# Work order
Your reply should hold only the lines from the records below where "called" occurs.

# Source material
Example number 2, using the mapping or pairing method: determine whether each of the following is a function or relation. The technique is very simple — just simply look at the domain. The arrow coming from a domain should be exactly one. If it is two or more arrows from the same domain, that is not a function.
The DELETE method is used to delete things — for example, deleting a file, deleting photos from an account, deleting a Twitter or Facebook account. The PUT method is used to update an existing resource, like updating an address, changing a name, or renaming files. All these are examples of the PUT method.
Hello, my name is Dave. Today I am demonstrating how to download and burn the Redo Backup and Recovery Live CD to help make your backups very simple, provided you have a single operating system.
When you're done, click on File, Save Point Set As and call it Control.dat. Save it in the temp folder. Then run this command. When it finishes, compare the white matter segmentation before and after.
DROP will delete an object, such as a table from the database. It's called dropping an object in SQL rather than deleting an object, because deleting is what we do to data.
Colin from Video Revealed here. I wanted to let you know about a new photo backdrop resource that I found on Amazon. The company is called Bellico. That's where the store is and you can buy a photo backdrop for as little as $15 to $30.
--
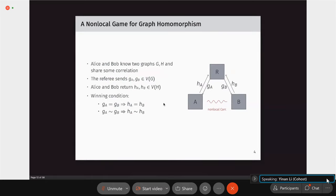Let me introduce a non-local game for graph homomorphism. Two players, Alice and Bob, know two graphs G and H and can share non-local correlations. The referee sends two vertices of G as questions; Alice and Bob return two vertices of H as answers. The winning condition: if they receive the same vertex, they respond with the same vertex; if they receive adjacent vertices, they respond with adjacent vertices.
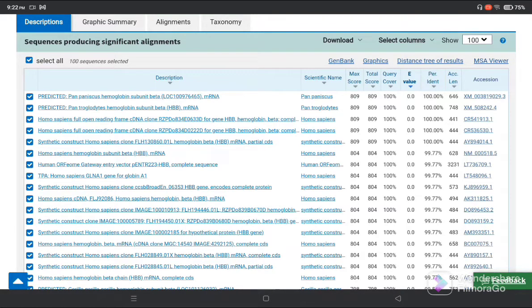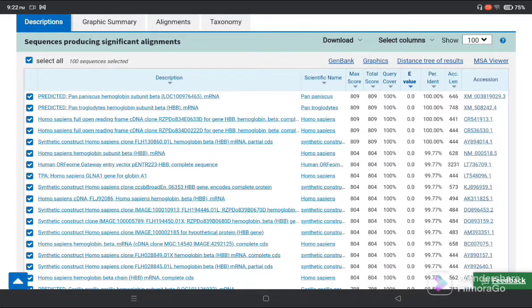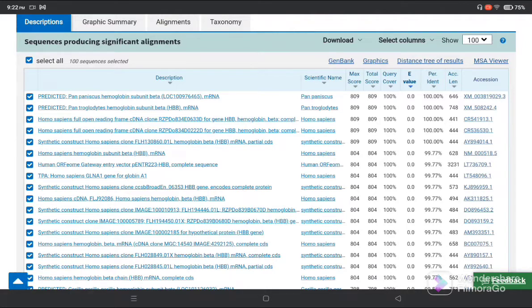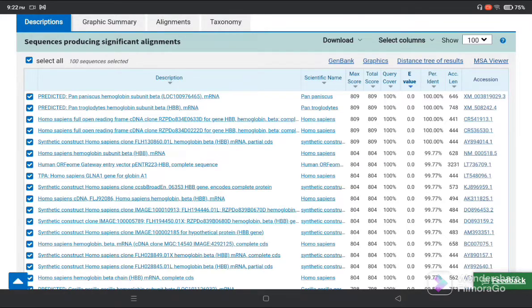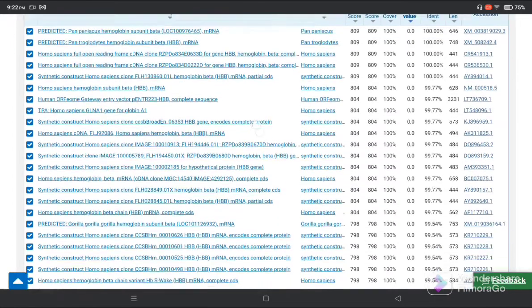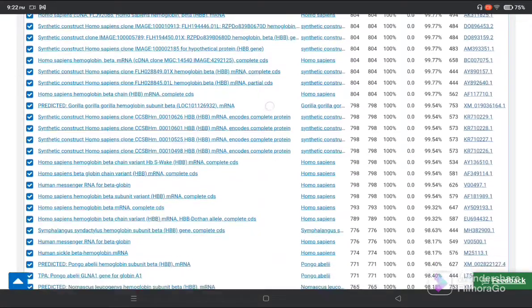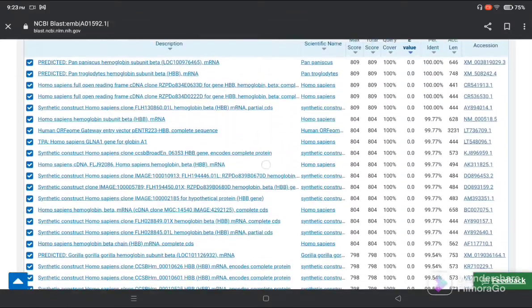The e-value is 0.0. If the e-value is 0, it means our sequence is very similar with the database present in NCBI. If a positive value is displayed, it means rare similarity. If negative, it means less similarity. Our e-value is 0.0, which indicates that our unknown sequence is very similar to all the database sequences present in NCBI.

# Task answer
DROP will delete an object, such as a table from the database. It's called dropping an object in SQL rather than deleting an object, because deleting is what we do to data.
Colin from Video Revealed here. I wanted to let you know about a new photo backdrop resource that I found on Amazon. The company is called Bellico. That's where the store is and you can buy a photo backdrop for as little as $15 to $30.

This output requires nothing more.